Problem to work on -
Starting at the top of the entries below, set down every line exactly, please, until you reach the line with "Calico Cats Available", which is included too.

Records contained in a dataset
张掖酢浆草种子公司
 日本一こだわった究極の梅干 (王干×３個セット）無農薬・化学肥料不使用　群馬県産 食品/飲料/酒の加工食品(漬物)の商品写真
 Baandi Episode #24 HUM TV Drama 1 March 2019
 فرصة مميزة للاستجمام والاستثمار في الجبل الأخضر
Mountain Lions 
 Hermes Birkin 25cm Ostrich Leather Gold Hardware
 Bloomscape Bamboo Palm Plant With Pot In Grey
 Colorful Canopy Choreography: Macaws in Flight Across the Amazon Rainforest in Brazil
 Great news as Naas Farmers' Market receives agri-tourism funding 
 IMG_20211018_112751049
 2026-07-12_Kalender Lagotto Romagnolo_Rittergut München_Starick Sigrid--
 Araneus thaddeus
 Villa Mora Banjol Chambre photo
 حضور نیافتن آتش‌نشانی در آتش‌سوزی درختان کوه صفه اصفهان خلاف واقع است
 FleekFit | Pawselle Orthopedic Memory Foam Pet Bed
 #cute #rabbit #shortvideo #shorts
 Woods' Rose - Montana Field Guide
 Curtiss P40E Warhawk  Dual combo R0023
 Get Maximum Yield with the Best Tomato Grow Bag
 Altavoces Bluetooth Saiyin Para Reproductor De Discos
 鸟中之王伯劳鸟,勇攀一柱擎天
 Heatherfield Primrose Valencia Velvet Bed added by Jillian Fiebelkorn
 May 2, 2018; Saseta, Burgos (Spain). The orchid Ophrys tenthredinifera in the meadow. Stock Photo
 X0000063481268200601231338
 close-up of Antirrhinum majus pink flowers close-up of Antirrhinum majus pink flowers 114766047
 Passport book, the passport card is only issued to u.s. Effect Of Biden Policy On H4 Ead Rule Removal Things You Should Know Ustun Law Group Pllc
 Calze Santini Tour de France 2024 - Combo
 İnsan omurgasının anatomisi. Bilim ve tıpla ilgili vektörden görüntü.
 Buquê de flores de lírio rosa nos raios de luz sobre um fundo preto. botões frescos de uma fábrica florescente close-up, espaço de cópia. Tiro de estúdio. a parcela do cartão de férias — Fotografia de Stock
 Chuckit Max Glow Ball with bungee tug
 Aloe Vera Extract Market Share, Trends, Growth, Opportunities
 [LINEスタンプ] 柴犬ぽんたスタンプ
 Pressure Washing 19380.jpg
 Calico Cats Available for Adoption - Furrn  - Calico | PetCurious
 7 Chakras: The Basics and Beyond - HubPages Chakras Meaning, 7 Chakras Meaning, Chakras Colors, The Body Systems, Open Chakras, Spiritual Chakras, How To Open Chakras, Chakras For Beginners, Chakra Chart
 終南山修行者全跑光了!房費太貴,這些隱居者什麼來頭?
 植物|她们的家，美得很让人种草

Task answer -
张掖酢浆草种子公司
 日本一こだわった究極の梅干 (王干×３個セット）無農薬・化学肥料不使用　群馬県産 食品/飲料/酒の加工食品(漬物)の商品写真
 Baandi Episode #24 HUM TV Drama 1 March 2019
 فرصة مميزة للاستجمام والاستثمار في الجبل الأخضر
Mountain Lions 
 Hermes Birkin 25cm Ostrich Leather Gold Hardware
 Bloomscape Bamboo Palm Plant With Pot In Grey
 Colorful Canopy Choreography: Macaws in Flight Across the Amazon Rainforest in Brazil
 Great news as Naas Farmers' Market receives agri-tourism funding 
 IMG_20211018_112751049
 2026-07-12_Kalender Lagotto Romagnolo_Rittergut München_Starick Sigrid--
 Araneus thaddeus
 Villa Mora Banjol Chambre photo
 حضور نیافتن آتش‌نشانی در آتش‌سوزی درختان کوه صفه اصفهان خلاف واقع است
 FleekFit | Pawselle Orthopedic Memory Foam Pet Bed
 #cute #rabbit #shortvideo #shorts
 Woods' Rose - Montana Field Guide
 Curtiss P40E Warhawk  Dual combo R0023
 Get Maximum Yield with the Best Tomato Grow Bag
 Altavoces Bluetooth Saiyin Para Reproductor De Discos
 鸟中之王伯劳鸟,勇攀一柱擎天
 Heatherfield Primrose Valencia Velvet Bed added by Jillian Fiebelkorn
 May 2, 2018; Saseta, Burgos (Spain). The orchid Ophrys tenthredinifera in the meadow. Stock Photo
 X0000063481268200601231338
 close-up of Antirrhinum majus pink flowers close-up of Antirrhinum majus pink flowers 114766047
 Passport book, the passport card is only issued to u.s. Effect Of Biden Policy On H4 Ead Rule Removal Things You Should Know Ustun Law Group Pllc
 Calze Santini Tour de France 2024 - Combo
 İnsan omurgasının anatomisi. Bilim ve tıpla ilgili vektörden görüntü.
 Buquê de flores de lírio rosa nos raios de luz sobre um fundo preto. botões frescos de uma fábrica florescente close-up, espaço de cópia. Tiro de estúdio. a parcela do cartão de férias — Fotografia de Stock
 Chuckit Max Glow Ball with bungee tug
 Aloe Vera Extract Market Share, Trends, Growth, Opportunities
 [LINEスタンプ] 柴犬ぽんたスタンプ
 Pressure Washing 19380.jpg
 Calico Cats Available for Adoption - Furrn  - Calico | PetCurious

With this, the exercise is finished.